**Task data:**
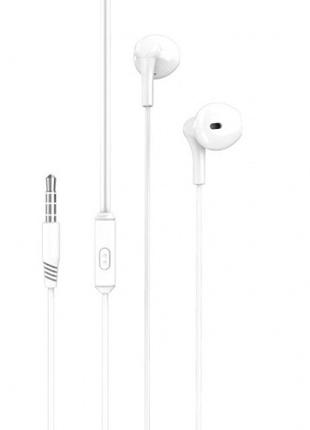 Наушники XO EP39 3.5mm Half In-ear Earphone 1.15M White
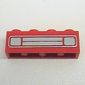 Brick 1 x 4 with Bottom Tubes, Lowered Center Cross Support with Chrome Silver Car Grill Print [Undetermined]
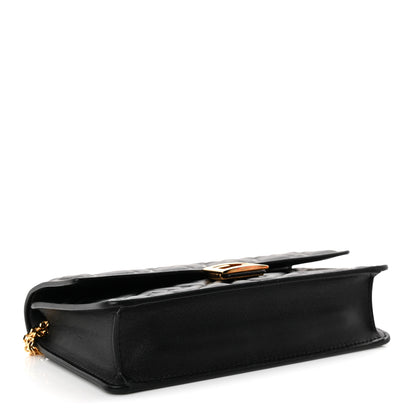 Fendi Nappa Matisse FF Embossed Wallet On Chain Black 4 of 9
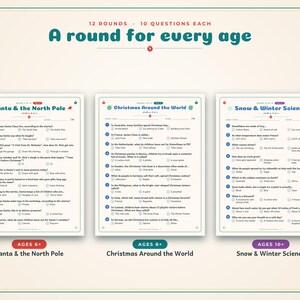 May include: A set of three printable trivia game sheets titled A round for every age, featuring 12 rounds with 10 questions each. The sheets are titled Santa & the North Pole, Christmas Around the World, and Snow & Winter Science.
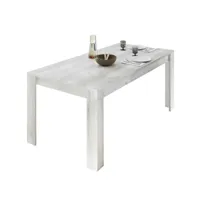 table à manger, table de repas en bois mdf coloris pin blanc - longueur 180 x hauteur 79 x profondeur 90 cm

--

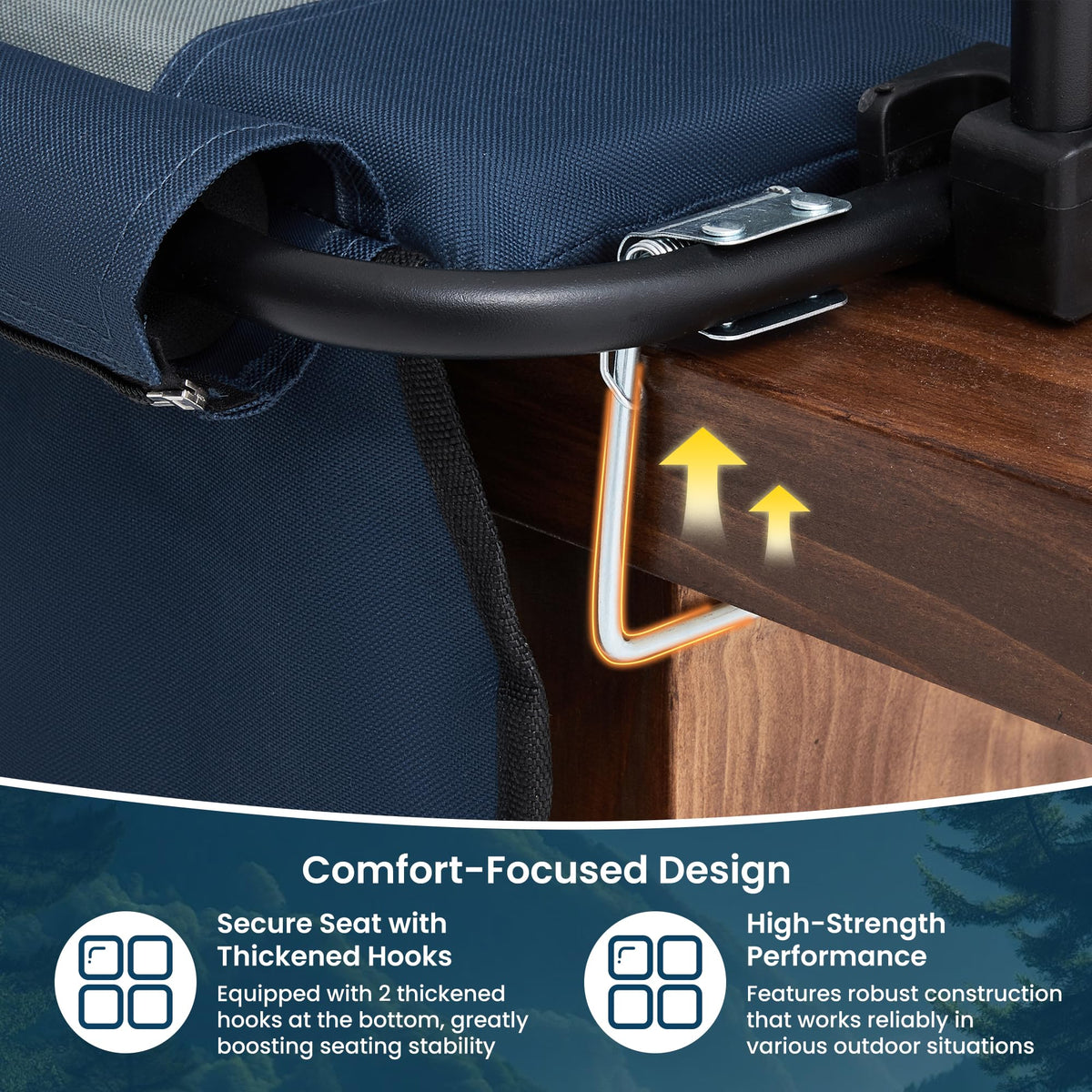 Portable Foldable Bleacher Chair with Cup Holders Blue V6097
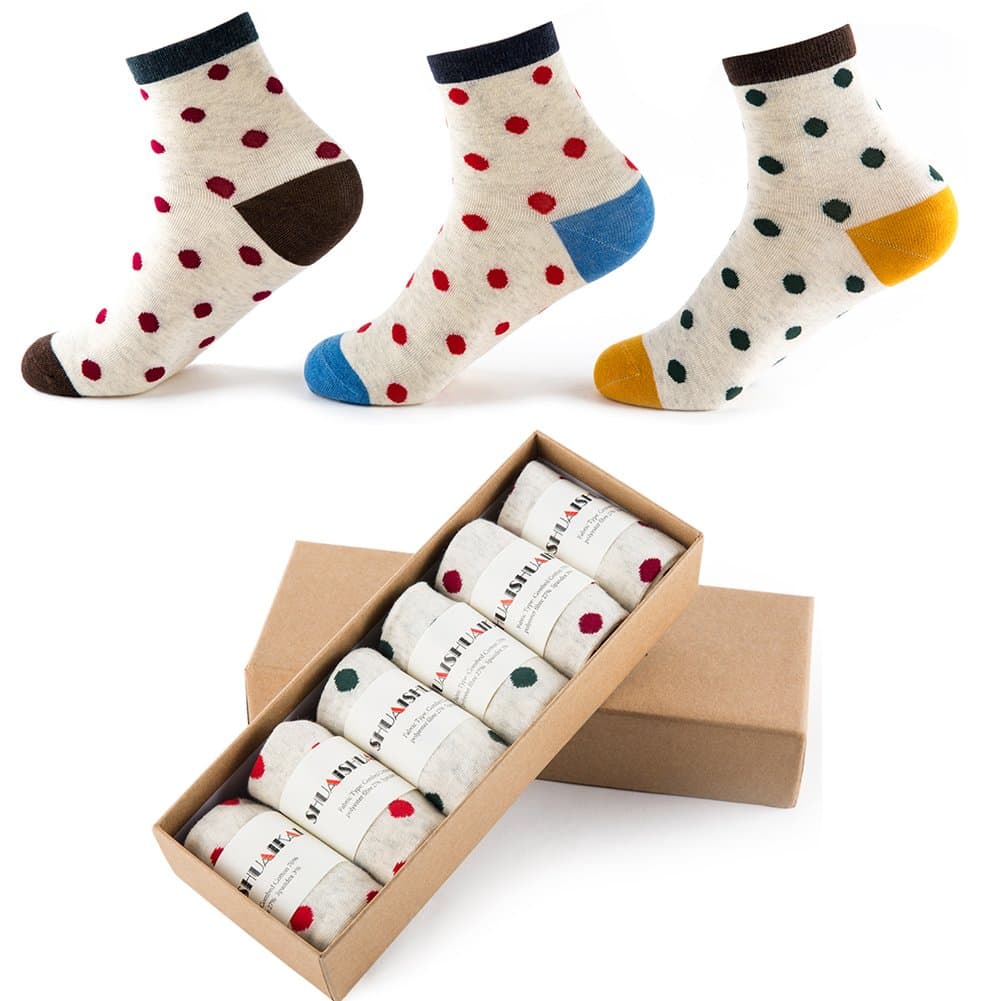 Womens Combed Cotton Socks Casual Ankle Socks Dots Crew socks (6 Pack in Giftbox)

**How to complete this task:** Repeat, without pictures, exactly the lines of the data above from the one containing "Наушники XO EP39" through the one containing "May include: A", including both and adding nothing.

**Result:**
 Наушники XO EP39 3.5mm Half In-ear Earphone 1.15M White
 Brick 1 x 4 with Bottom Tubes, Lowered Center Cross Support with Chrome Silver Car Grill Print [Undetermined]
 Fendi Nappa Matisse FF Embossed Wallet On Chain Black 4 of 9
 May include: A set of three printable trivia game sheets titled A round for every age, featuring 12 rounds with 10 questions each. The sheets are titled Santa & the North Pole, Christmas Around the World, and Snow & Winter Science.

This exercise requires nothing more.